SUMBAWA BESAR, samawarea.com (10 Juli 2023) – Masyarakat Desa Labuhan Ijuk Kecamatan Moyo Hilir mulai dihantui dengan krisis air bersih. Sebab pada September atau Oktober mendatang merupakan puncak krisis air di daerah pesisir yang sebagian besar warganya berprofesi sebagai nelayan.

Kepala Desa Labuhan Ijuk, Muhammad Saleh MJ yang ditemui di sela Lomba Balap Sampan, Minggu (9/7), mengakui kondisi tersebut. Krisis air bersih ini dialami warganya sejak Tahun 2008 lalu. Krisis ini sedikit teratasi dengan adanya proyek air bersih melalui Program WISLC 2008.

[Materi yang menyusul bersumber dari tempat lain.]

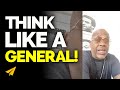 You've Got to THINK Like A GENERAL! - Dame Dash Live Motivation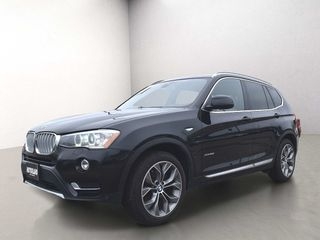 2017 BMW X3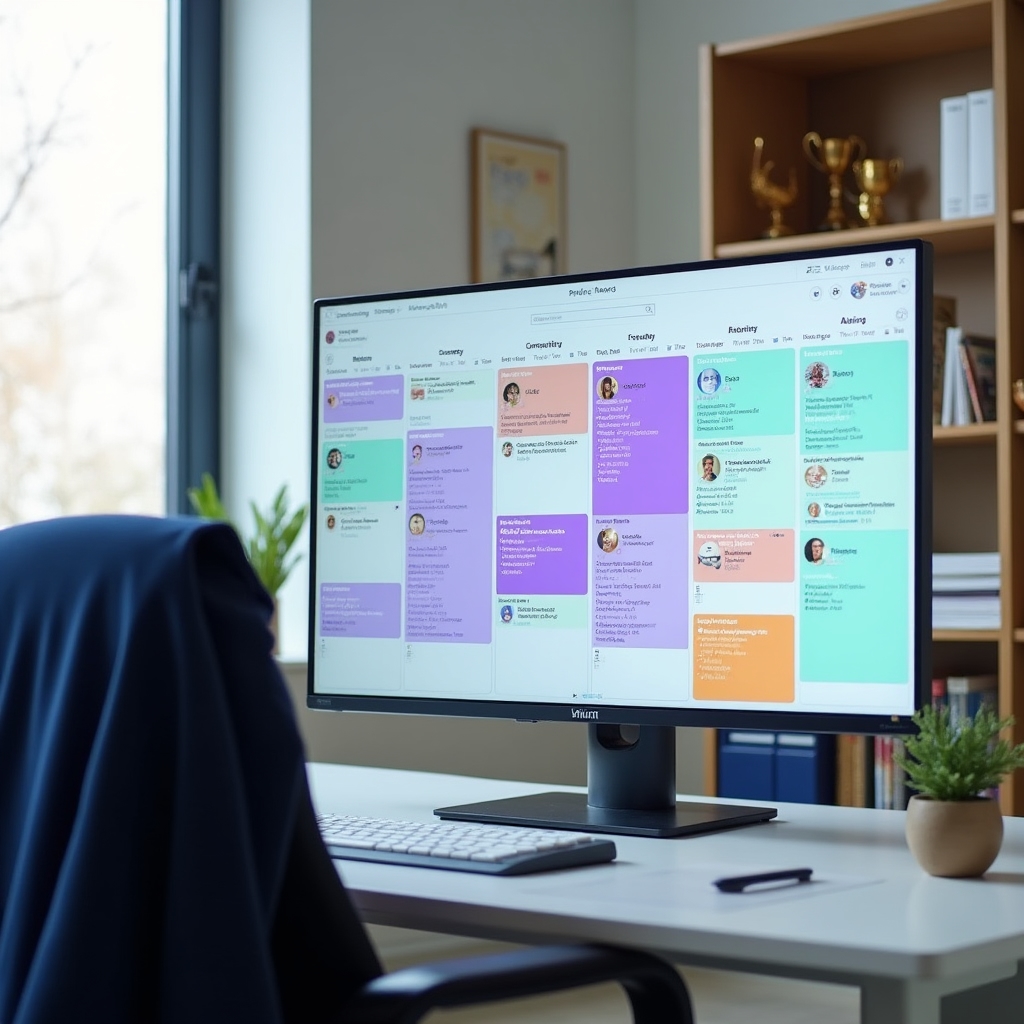 Schermata del calendario digitale per allenamenti e gare di un'associazione sportiva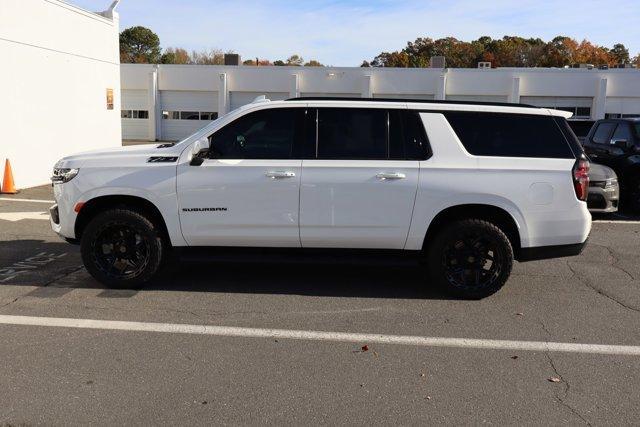 used 2024 Chevrolet Suburban car, priced at $71,982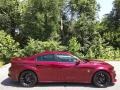 Octane Red Pearl 2022 Dodge Charger SRT Hellcat Widebody Exterior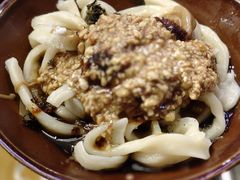 绝味甜水面-小饕荟雅安贡椒鱼鲜馆(广福桥店)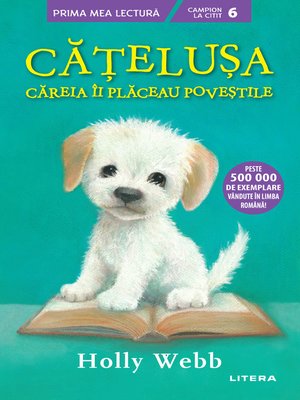 cover image of Catelusa careia ii placeau povestile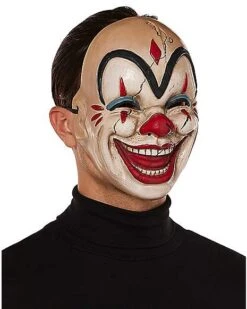Jolly Wally Half Mask 5 Jolly Wally Half Mask -Online Halloween Costumes 01488444 c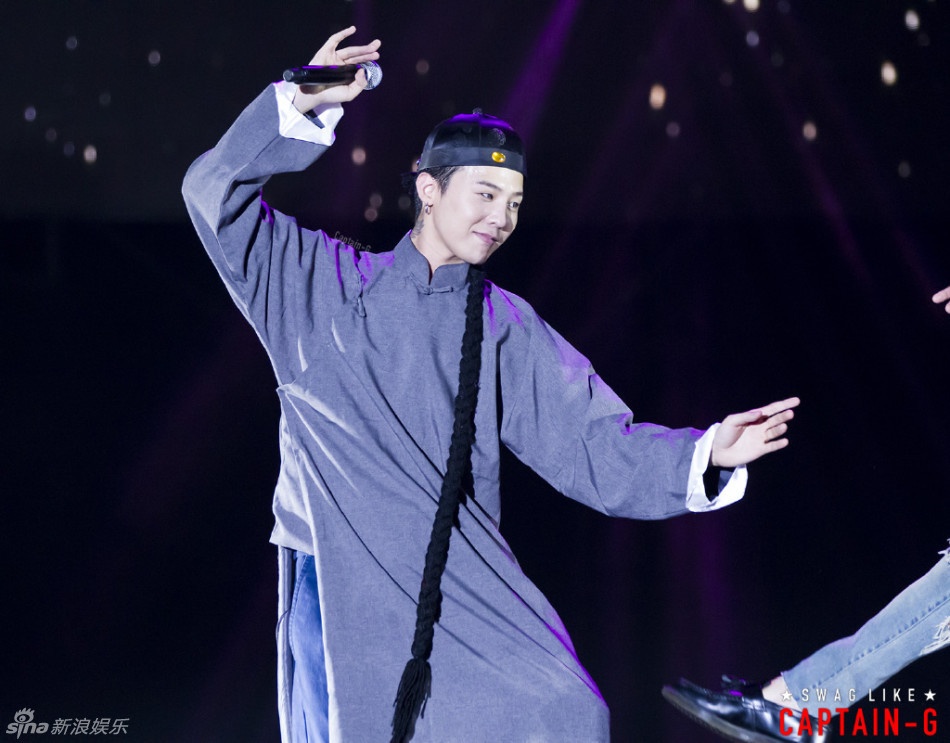 G-Dragon hoa Hoang Phi Hong anh 2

Namun keberadaan program tersebut tak mampu memenuhi kebutuhan air bersih warganya yang berjumlah 1.674 jiwa. “Kebutuhan kami 10 kubik per hari, yang tersedia hanya 5 kubik, jadi sangat tidak mencukupi,” ujar Saleh—akrab Kades disapa.

Untuk mengatasi kebutuhan ini, lanjut Kades, ada bantuan air bersih dari BPPD, namun tidak secara rutin. Karena itu Ia tidak ingin kondisi tersebut terus berlangsung. Berbagai upaya sudah dilakukan termasuk mengusulkan bantuan sumur gali dan sumur bor kepada pemerintah kabupaten bahkan pusat.

Namun sejauh ini belum ada tanda-tanda direalisasikan. “Kami sudah beberapa kali mengusulkan bantuan sumur bor atau sumur gali. Sumber airnya sudah ada salah satunya Mata Air Kalongkong Pekat yang jaraknya sekitar 3 kilometer dari pemukiman,” ungkapnya.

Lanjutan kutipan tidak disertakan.